**Exercise description**
Once you reach the line containing "General view, Enda Boutique Hotel, Dalaman", return it and every line after it exactly, through the end of the records below, with no pictures.

Top of Records shown

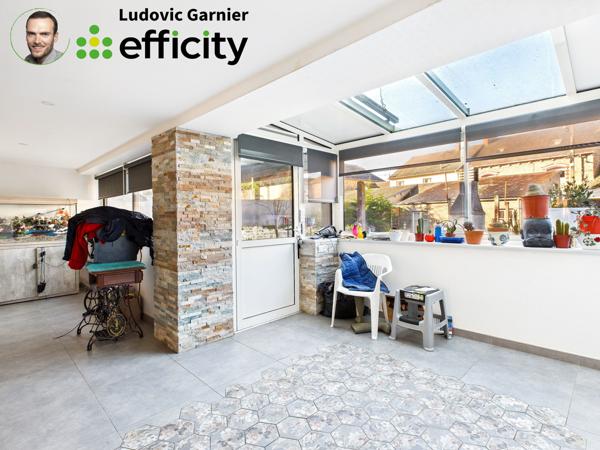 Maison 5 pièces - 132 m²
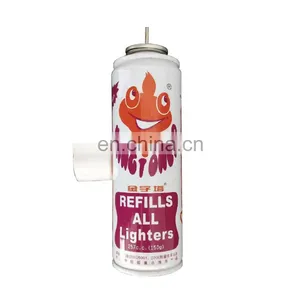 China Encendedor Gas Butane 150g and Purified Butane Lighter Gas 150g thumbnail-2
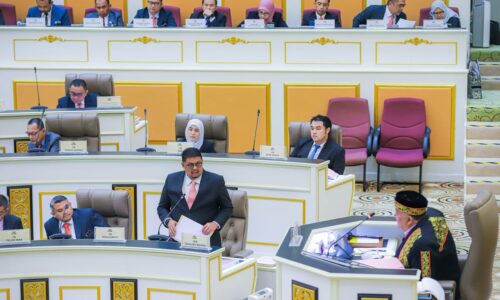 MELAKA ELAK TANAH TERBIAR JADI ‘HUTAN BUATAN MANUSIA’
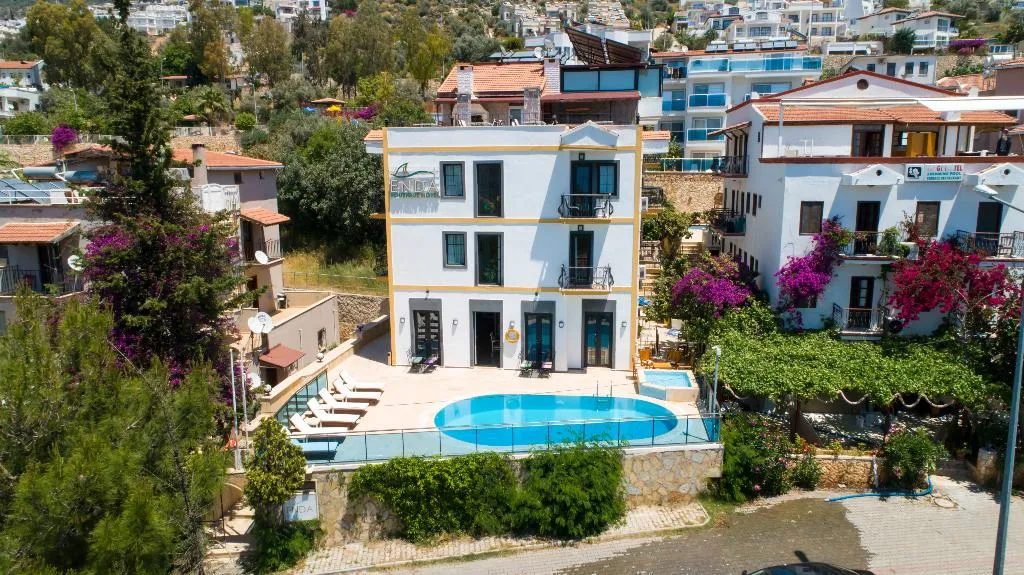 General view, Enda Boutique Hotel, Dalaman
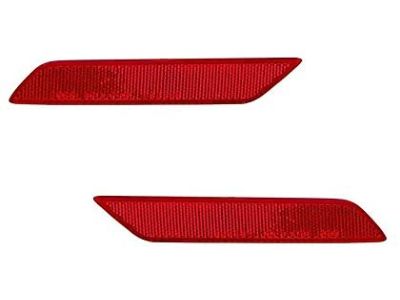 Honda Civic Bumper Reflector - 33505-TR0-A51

Bottom of Records shown

**Solution for this task**
 General view, Enda Boutique Hotel, Dalaman
 Honda Civic Bumper Reflector - 33505-TR0-A51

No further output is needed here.